Furthermore, the Seed Train Tool supports the design of new seed trains, the development of seed train protocols, and the dimensioning of associated bioreactor systems. Creating a seed train protocol involves defining the process parameters under which the seed train is carried out—for example, the cell concentration at which progressively larger bioreactors are inoculated, how cells proliferate within each stage, how transfers between scales are performed, and how much nutrient medium—with which specific concentrations of key components—must be added.
In addition, the seed train can be modeled using Gaussian processes and optimized holistically across multiple criteria. These extensions were developed in collaboration with Professor Markus Lange-Hegermann.
Another industrial application addressed by the Seed Train Tool is the transfer of existing seed trains to other production facilities manufacturing the same product.
A further application lies in cell line development, where a suitable origin cell must be selected that combines high product quality, productivity, stability, and rapid growth—while also being compatible with the future seed train process.
The Seed Train Tool has been adopted by Novartis in Austria and has also contributed valuable insights to joint research projects with ExcellGene in Switzerland. A research collaboration with Sandoz is also in place.

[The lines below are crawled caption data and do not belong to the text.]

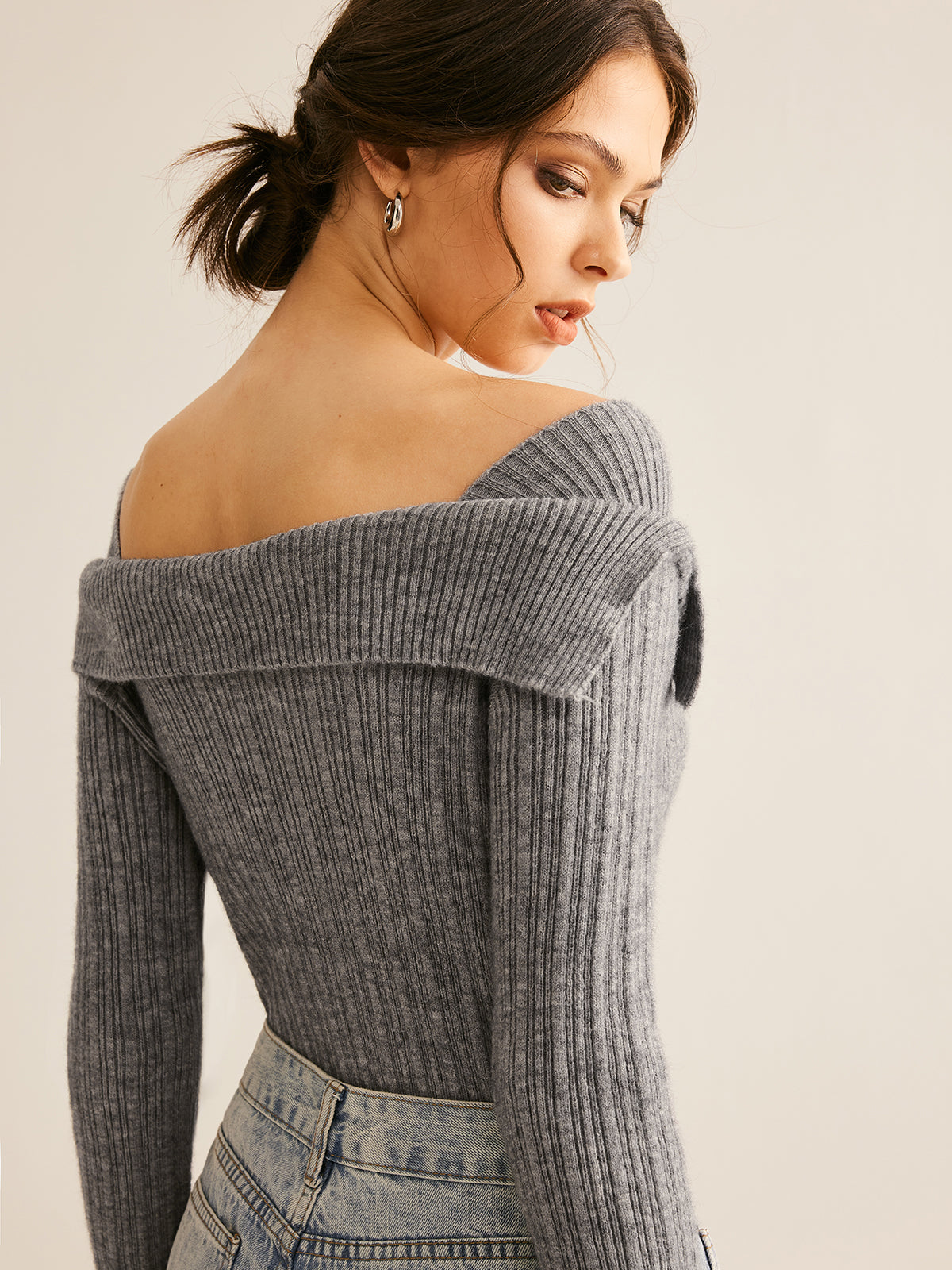 Clara | Raffinierter Rippstrick-Pullover mit kalten Schultern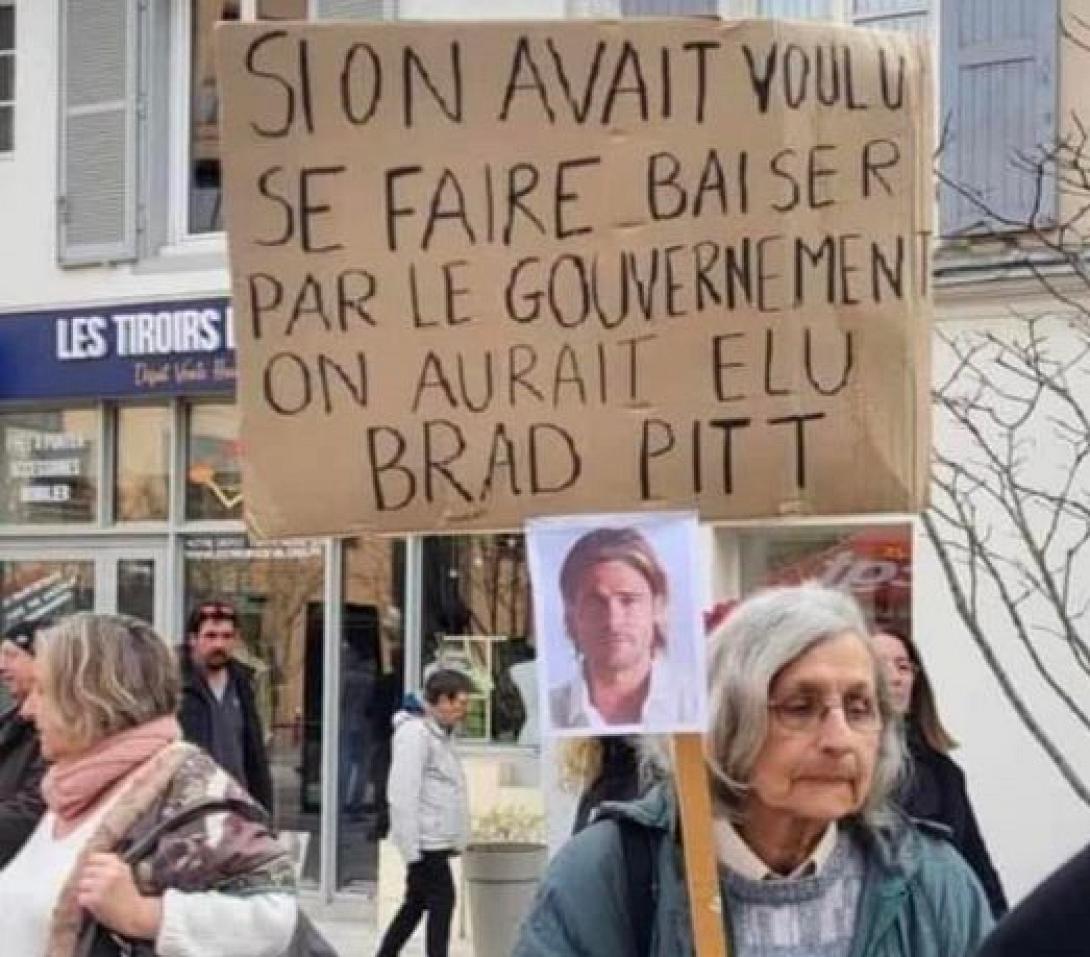 ΓΑΛΛΙΔΑ ΠΛΑΚΑΤ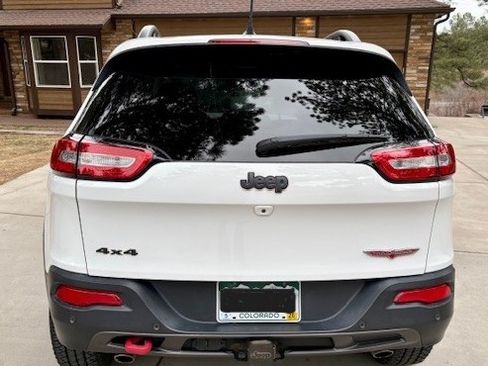 Used 2015 Jeep Cherokee Trailhawk w/ Comfort/Convenience Group image 5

Currently, structured approaches are being compiled to translate Seed Train knowledge into practical tools—for example, decision trees, decision rules, and criteria for transferring cells to the next scale. These approaches are analyzed and compared in terms of their respective advantages and disadvantages. The aim is to address challenges faced by many companies worldwide in this field.
In addition, the Seed Train Tool is now available with a simplified interface for routine industrial use, complementing the developer mode designed primarily for research applications.

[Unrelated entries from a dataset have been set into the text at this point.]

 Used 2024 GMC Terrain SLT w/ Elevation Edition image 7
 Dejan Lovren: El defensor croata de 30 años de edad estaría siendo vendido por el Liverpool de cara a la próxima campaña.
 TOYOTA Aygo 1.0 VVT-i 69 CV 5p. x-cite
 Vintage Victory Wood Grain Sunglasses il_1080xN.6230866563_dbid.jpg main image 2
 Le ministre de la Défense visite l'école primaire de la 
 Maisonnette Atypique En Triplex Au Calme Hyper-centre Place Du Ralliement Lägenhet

Uncertainty modeling and statistical methods also play a key role in the development of the Seed Train Tool: What uncertainties arise from sampling, measurement inaccuracies, and simulation? How can prior knowledge—such as expert input and experimental data—be systematically integrated? With what probability can reliable predictions be made?
These workflows are also relevant beyond biopharmaceutical production. Dr. Tanja Hernández Rodríguez, who has conducted extensive research on seed trains and uncertainty modeling for many years, has successfully transferred this expertise across domains.
Dictionary
Cell culture technology is based on established cell lines and is clearly distinct from animal testing. It involves working exclusively with cells that proliferate in culture systems such as bioreactors. These cell lines originate from a single biological sample, often obtained many years or even decades ago. No living animals are required or harmed in routine cell culture processes.

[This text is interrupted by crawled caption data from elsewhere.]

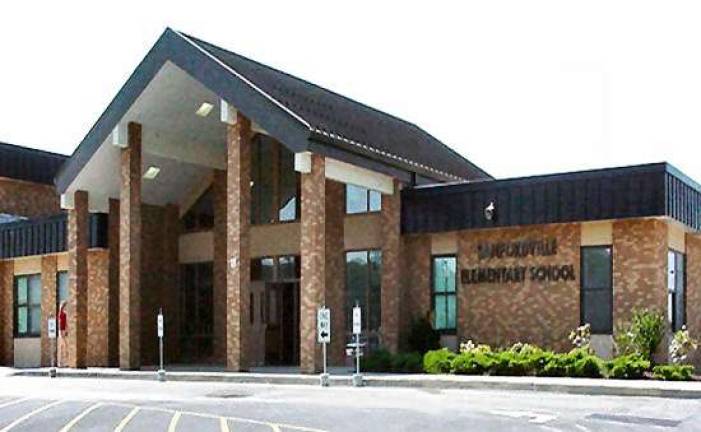 Sanfordville Elementary recognized as national Blue Ribbon School Sanfordville Elementary recognized as national Blue Ribbon School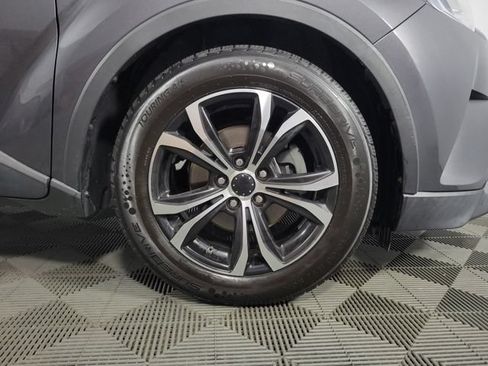 Used 2019 Toyota C-HR LE FWD image 11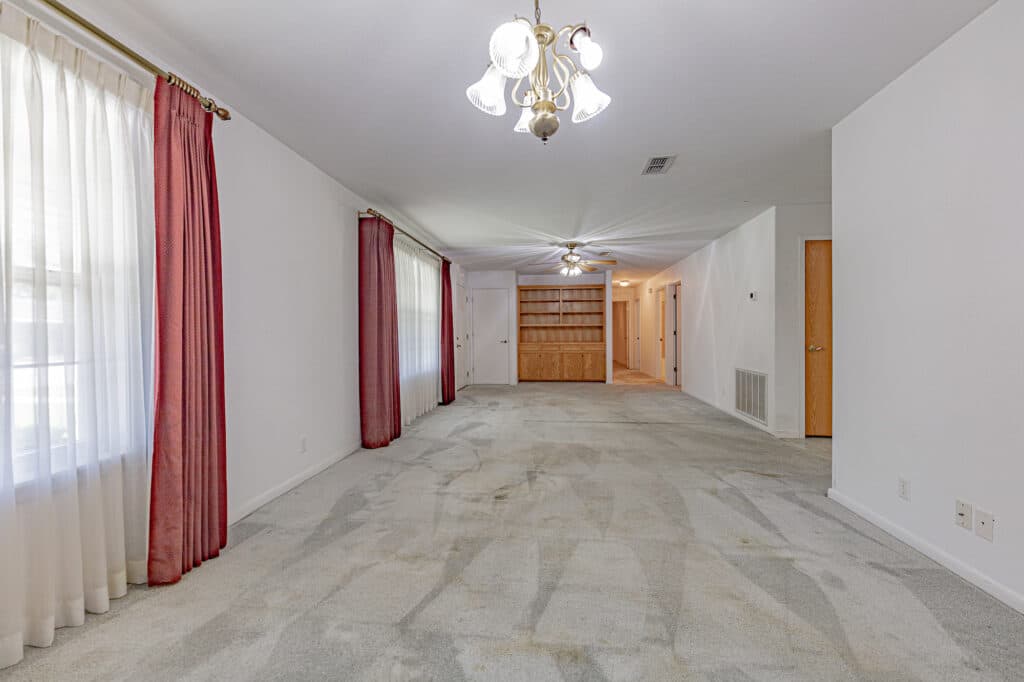 216 Montana Dr., Shiner Texas — public listing photo 6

Today, CHO cells are the most commonly used production cells in the biopharmaceutical industry and are responsible for the manufacture of approximately 70–80% of biologics.
Economical production typically takes place in bioreactors with volumes ranging from 1,000 to 20,000 liters. In well-optimized processes, product titers currently reach 5–10 grams per liter.
A 10,000-liter bioreactor inoculated with mammalian cells typically starts with a cell concentration of 200,000–500,000 cells per milliliter. This corresponds to a total of up to 5 × 10¹² cells—i.e., approximately 5 trillion (5,000 billion) cells.